The Knicks have gotten off a bit of an inauspicious start to this season, dropping three of their first five games. Disappointing beginnings have been something of a theme the last few seasons, with a 10-13 start last year and also to begin the 2020-’21 season. As we know, the Knicks went on to make the playoffs in both of those seasons, so this shouldn’t be too much of a concern yet.
Beyond the Box Score
Naturally, a lot of the focus during this early season is the play and impact of the cornerstone guys; Jalen Brunson, Julius Randle, and R.J. Barrett, and rightfully so. These are guys expected to fill out the box score with good to great stats and are paid to put up numbers, rather than bringing solely intangibles.
Integral to winning though, beyond stars, is having guys who bring energy and hustle to the table, and one of those responsible is 25-year-old backup center Isaiah Hartenstein. I-Hart inked a two-year/$16 million contract during the Summer of 2022 and if you watch the games, is clearly one of the most intense and industrious players on the roster, perfectly embodying the New York ethos.

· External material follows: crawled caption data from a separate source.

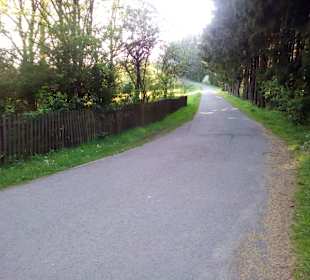 Panoramaweg Sankt Wendeler Land in Nonnweiler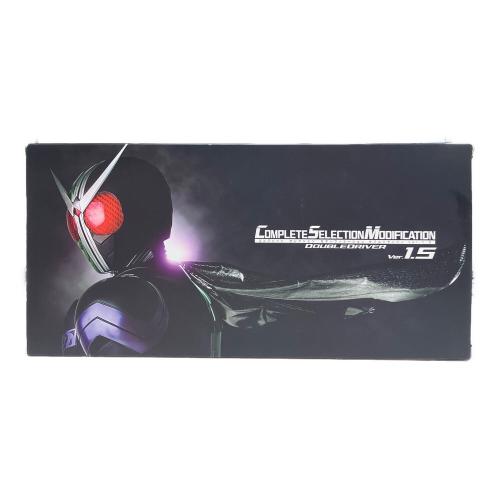 仮面ライダーW(カメンライダーダブル) COMPLETE SELECTION MODIFICATION ダブルドライバー(ver.1.5)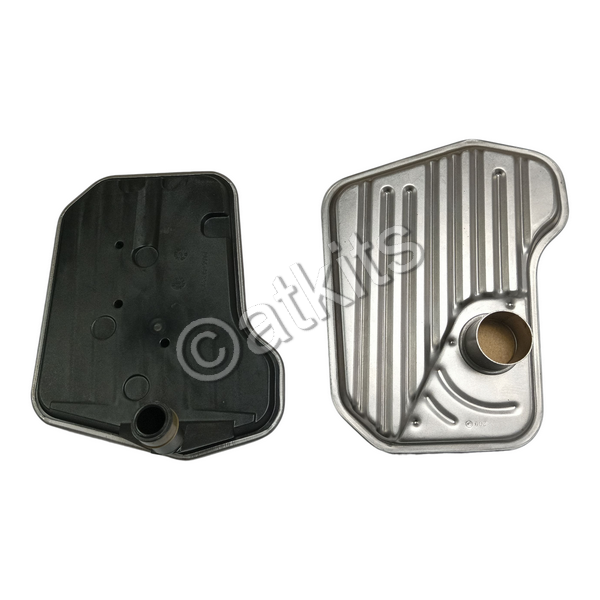 FILTER 4L60E 97-UP CHEV CORVETTE W/O FIN WITH SUCTION TUBE (METAL/PLASTIC) (OEM# 24208149)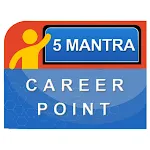 5 Mantra Career Point icon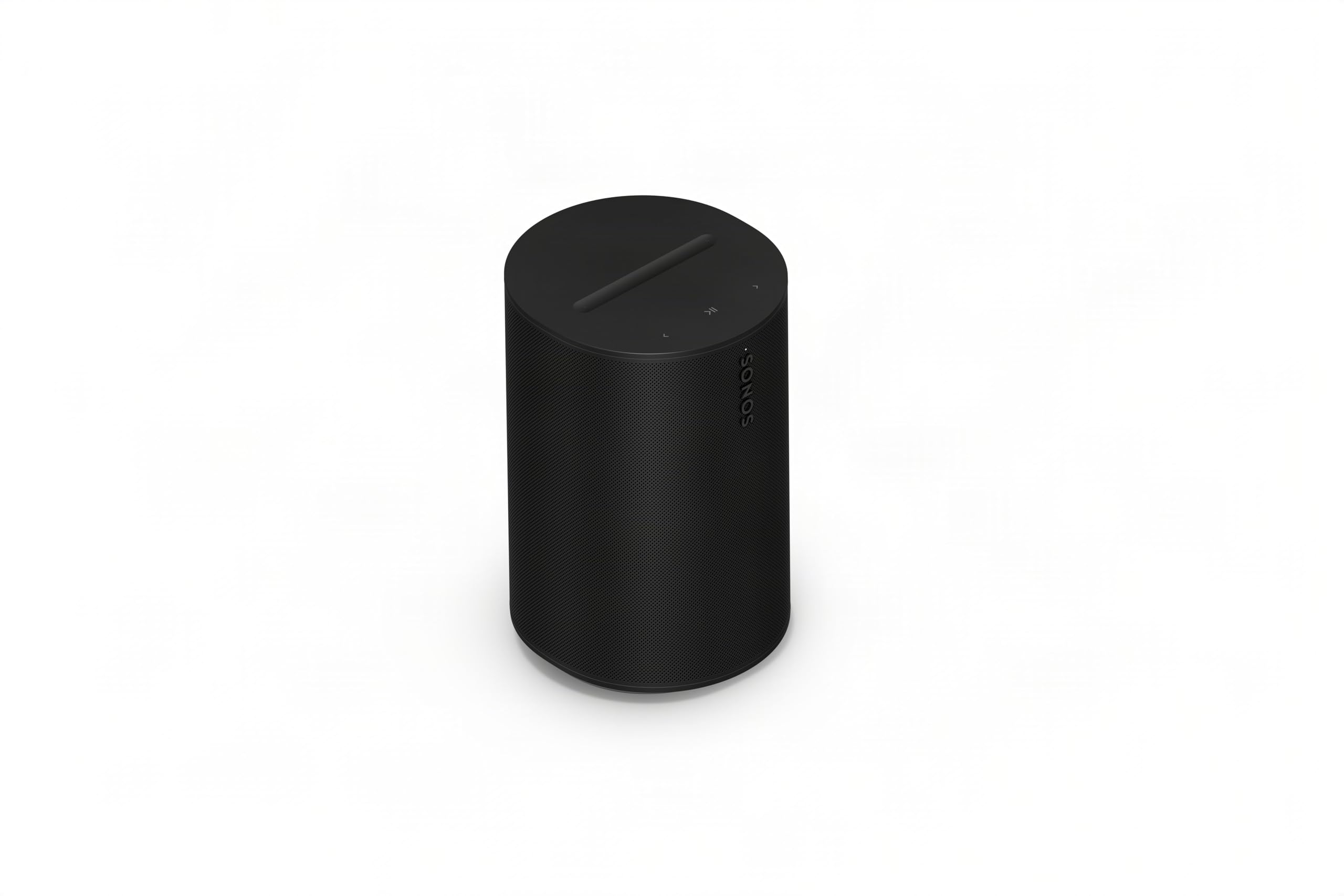 Sonos Era 100 SL, enceinte connectée Wi-Fi et Bluetooth, noire — idée cadeau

At a career output of 5.5 points and 4.8 rebounds per game, per ESPN Stats, Hartenstein’s statistical production is minimal. However, despite his underwhelming numbers, I-Hart is one of the most underrated cogs in the Knicks machine running smoothly.
After a tough bucket or defensive stand, Hartenstein is always roaring to his teammates and/or the crowd, hyping them up in a way we don’t usually see from many more understated Knicks players. One moment on opening night, albeit a loss, I-Hart was willing to get in the mix in a key fourth-quarter possession, going nose-first for the ball and taking an elbow from Jaylen Brown.
Hart At Work
In a small sample size, the Knicks’ two wins this season coincide with the center’s two highest-scoring outputs; eight against the Hawks and 13 against the Cavs, per ESPN Stats. Unpacking this a bit further, Hartenstein last season averaged nearly two more rebounds per game in the Knicks’ wins, as opposed to losses, per ESPN Stats. His scoring output was relatively the same, but so far in his Knicks tenure, the more Hartenstein is around the ball, especially in the game to grab boards, the more effective the Knicks have been.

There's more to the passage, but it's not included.